If we fast forward to 2009, even the best of the production factory heads are way short of satisfactory in a world of conventional, but highly refined designs. To make the point, let's look at a comparison of the valve size per cube of a typical performance small-block 350 versus a 454 big-block with stock valves. The most important factor toward making horsepower is the circumference of the intake valve in relation to the cylinder's cubic inches. With a typical 350 small-block, each inch of intake valve circumference has to feed 6.89ci of displacement. Even without the usual 0.060-plus overbore or even a stroker crank, a lowly 454 with the stock 2.19-inch intake valve has 8.25 cubes to feed for every inch of valve circumference. This means that even a 454 is potentially air starved, and your common quarter-inch stroker with a 0.060-inch over bore is, at 496 inches, really air starved.

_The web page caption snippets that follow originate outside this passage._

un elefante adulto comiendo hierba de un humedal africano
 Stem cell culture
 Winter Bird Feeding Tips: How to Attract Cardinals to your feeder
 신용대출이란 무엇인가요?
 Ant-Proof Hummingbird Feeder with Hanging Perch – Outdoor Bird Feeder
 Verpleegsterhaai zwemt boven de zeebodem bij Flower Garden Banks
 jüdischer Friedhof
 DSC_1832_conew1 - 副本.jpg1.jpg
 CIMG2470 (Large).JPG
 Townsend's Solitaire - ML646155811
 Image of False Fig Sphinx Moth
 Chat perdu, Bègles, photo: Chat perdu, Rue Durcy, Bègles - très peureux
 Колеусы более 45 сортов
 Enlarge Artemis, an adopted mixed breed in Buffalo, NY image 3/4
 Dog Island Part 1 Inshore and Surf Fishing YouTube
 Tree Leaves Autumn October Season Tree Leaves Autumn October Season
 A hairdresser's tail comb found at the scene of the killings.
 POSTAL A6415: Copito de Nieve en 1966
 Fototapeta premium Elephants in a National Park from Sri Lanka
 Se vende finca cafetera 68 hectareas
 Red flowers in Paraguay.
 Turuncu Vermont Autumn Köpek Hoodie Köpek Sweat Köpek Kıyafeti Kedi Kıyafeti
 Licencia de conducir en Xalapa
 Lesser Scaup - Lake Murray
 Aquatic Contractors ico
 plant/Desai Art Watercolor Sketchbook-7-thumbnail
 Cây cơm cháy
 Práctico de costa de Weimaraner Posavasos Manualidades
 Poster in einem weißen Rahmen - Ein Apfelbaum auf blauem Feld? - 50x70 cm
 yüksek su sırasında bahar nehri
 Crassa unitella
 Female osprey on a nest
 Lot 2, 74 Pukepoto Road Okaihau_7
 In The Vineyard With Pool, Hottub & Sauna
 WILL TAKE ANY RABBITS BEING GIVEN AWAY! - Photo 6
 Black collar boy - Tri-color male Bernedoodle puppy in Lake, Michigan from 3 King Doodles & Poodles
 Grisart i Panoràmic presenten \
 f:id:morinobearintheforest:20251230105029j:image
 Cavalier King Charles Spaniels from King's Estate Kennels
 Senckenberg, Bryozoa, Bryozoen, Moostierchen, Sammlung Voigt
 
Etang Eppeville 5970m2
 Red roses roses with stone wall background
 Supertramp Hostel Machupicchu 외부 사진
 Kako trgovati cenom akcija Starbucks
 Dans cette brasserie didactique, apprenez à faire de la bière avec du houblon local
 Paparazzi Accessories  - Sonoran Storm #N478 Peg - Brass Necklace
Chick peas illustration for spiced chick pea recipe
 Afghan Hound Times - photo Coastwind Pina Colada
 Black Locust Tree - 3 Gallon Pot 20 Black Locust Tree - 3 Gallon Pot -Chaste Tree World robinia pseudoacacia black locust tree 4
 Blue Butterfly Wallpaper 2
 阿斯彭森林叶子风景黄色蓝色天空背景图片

2. Can't I just port the stock heads?
Any one of the stock big-block heads can be ported to show big gains in airflow. That said, most of the so-called high-performance castings (and especially the big rectangular port castings) were produced at a time when casting techniques were far less capable of producing a clean and precise port shape that would be conducive to airflow. Sure, bigger valves could be installed, but at the end of the day, porting a set of factory castings involves removing so much metal it becomes a career instead of a weekend hobby. But the time to port is far from the only issue. To get these stock heads (shown) in shape for a dyno test, I had to install new guides and valves, as well as cut a high-performance valve seat job. By the time the cost of springs, retainers, and more, was factored in, the bill was about $700, and I still only had a set of 30-year-old heads that were still in serious need of 50 hours of port work. That money could have been put toward new aftermarket high-flow castings, which would've gotten the job done right out of the box.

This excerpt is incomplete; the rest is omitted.